THERE’S A PHOTO in The Tale of Tomorrow, a new book about the mid-century utopian architecture movement, of a building in Jerusalem. It’s composed of hundreds of wooden, dodecahedron-shaped structures, each at least the size of a room. It’s more orderly than favela architecture, but still has an air of chaos—like the beehive of geometric modules might tumble to the ground at any moment. This is Ramot Polin, an experimental housing project that architect Zvi Hecker built in the 1970s, just after the Six Day War.

Looking at past dreams, The Tale of Tomorrow is a call to reclaim our future.

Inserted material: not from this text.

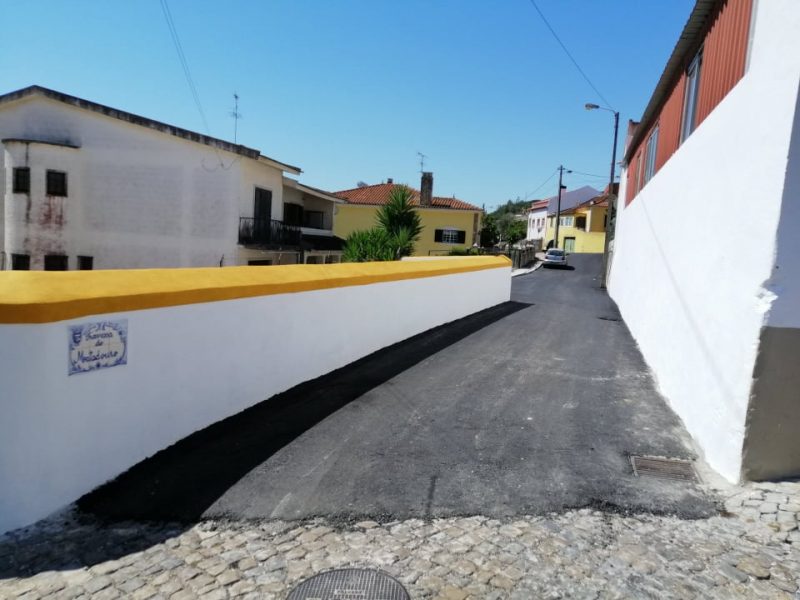 FANHÕES -(f) Asfaltamento da Travessa do Matadouro, Rua do Matadouro e Rua Luís Simões Castelo. Um melhoramento significativo em toda esta zona!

With Ramot Polin, Hecker envisioned a society of the future, one that shared resources, like an interior courtyard, and looked nothing like the monotonous, rectangular apartment-blocks found in cities throughout the world. For its idyllic aspirations, it certainly deserves a place in The Tale of Tomorrow. “But people hated it,” says Sofia Borges, who edited the book. “It’s so formally amazing, but the corridors were dark, it was super hot, and basically over time there’s been this really aggressive adaptation of it by the residents.”

The idea of “utopian architecture” is a fraught one. Utopia, by definition, is a place where things are perfect. But who, exactly, gets to decide what is perfect? The Tale of Tomorrow ($68) offers a more measured interpretation. First, projects should have had manifestos. Specifically, ones angled at upending the status quo. Second, these buildings should be examples of wild experimentation in design and engineering. If that experimentation happened on many levels, even better. There was no single school of utopian architecture; instead, in the book’s introduction, Borges refers to a “broad tent under which communists and individualists, engineers and artists, modernists and metabolists all gathered.”

Borges attributes the movement’s origins to the surge in scientific developments that followed World War II. “The whole Space Age had this momentum—people were on the moon!” she says. And if we could send people to the moon, the thinking went, our buildings, cars, and product designs should all convey a similar level of excitement.